How many have the "human intelligence" to do this? Especially more accurately than a computer (and without using any themselves) training on the same inputs and outputs?


I'm sorry in advance, but aren't proteins glorified Lego?


There's a lot more to protein sequences than legos. I think the argument is that you don't need to train a model on fundamental organic chemistry/biochemistry, electrostatic protein interaction, hydrogen bonding, hydrophobic interaction, quantum mechanics, etc... in order for it to accurately predict protein sequences.


The data that AlphaFold was trained on included all that information and more. The database they used for training included software simulations (and real world data) that accounted for atomic (quantum) interactions. The 3D structure of proteins includes all the quantum interactions.

More generally, AI models (aka very large function graphs) are trained on tuples that represent mappings of inputs to outputs (input -> output). The idea then is that whatever structure exists in those pairs/tuples/mappings is discovered by the training process with the help of gradient descent which tunes the parameters of the model/graph to optimally compress the information contained in the data. This means the model must uncover the quantum effects (or some close proxy of it) and then encode them into the parameters in a way that makes compression/prediction possible [1].
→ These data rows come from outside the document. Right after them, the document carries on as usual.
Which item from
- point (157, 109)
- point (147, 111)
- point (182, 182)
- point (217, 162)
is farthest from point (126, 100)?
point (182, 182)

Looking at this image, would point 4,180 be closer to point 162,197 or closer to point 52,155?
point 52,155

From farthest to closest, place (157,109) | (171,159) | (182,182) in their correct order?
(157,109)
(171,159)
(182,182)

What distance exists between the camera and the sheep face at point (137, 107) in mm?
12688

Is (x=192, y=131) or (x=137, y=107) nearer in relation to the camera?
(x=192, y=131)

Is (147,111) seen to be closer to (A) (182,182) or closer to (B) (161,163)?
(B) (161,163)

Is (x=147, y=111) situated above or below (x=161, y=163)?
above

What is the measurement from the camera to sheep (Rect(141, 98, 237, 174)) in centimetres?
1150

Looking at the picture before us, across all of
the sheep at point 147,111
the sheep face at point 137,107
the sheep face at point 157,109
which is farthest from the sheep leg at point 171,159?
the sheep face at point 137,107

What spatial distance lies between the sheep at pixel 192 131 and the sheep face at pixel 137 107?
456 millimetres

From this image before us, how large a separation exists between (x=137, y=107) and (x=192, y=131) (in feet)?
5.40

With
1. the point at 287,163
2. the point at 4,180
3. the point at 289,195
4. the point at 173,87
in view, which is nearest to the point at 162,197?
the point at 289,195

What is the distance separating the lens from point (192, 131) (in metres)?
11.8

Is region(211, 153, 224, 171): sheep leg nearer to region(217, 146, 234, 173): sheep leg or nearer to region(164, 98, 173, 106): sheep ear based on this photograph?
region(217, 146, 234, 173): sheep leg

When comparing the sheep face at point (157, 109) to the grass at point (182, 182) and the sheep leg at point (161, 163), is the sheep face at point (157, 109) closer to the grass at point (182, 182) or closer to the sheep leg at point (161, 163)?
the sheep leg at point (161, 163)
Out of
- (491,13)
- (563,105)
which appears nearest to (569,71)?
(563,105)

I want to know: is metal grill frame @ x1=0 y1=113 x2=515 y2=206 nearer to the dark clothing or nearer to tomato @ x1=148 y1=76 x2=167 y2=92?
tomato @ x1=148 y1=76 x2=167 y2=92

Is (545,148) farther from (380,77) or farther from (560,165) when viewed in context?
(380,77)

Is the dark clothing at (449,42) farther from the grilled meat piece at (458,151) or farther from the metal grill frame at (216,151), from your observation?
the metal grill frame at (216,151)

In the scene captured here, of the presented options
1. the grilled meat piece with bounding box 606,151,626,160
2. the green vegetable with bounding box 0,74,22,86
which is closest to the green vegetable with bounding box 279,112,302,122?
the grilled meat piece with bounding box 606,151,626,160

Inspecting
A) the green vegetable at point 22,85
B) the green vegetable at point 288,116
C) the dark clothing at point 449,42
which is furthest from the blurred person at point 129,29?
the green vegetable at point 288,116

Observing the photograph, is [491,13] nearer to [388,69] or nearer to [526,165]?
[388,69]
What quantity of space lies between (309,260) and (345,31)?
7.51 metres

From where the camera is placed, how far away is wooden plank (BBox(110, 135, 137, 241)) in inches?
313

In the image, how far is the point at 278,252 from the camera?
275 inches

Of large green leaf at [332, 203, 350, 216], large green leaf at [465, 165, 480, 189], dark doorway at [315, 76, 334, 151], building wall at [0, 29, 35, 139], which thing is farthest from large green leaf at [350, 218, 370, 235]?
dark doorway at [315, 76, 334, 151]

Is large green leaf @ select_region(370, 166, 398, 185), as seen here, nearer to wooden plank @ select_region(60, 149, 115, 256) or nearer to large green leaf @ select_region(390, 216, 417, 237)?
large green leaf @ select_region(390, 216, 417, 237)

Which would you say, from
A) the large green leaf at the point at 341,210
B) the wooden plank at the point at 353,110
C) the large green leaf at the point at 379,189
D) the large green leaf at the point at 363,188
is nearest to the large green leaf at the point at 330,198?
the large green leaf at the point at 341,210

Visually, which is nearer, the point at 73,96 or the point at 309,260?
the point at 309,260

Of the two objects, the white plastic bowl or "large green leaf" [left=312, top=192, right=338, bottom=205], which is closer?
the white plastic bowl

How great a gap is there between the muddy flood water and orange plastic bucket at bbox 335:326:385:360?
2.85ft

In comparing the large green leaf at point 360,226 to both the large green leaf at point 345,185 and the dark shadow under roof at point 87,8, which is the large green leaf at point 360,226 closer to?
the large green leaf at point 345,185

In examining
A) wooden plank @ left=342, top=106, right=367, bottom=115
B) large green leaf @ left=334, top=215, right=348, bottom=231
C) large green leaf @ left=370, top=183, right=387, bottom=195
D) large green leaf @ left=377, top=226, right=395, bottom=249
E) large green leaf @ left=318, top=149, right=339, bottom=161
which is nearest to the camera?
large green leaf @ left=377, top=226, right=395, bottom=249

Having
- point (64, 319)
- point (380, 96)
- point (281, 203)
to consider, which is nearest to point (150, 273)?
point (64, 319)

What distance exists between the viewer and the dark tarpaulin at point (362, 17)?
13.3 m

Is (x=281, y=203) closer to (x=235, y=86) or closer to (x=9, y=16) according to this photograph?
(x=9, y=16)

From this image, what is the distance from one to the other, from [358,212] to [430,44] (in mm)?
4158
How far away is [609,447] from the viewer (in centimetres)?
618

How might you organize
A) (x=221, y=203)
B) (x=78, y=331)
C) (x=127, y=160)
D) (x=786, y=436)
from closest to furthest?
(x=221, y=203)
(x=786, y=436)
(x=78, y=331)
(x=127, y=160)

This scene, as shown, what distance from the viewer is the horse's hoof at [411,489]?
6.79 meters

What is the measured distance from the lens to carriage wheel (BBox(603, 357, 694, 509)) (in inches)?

None of this is magic, compressing data requires uncovering structures and symmetries that can be used to reduce the size of the data and it turns out gradient descent with lots of parameters manages to do that for a large class of problems albeit at a very steep computational cost that requires billions of dollars for hardware and software (including nuclear power plants [2]). We are not going to get AGI with this approach but fortunately I know how to make it happen for a mere $80B.

1: https://arxiv.org/abs/2305.15614

2: https://www.cnbc.com/2023/09/25/microsoft-is-hiring-a-nuclea...


> You don't need to train on the inputs(casual processes) of anything, that's what training is there to figure out.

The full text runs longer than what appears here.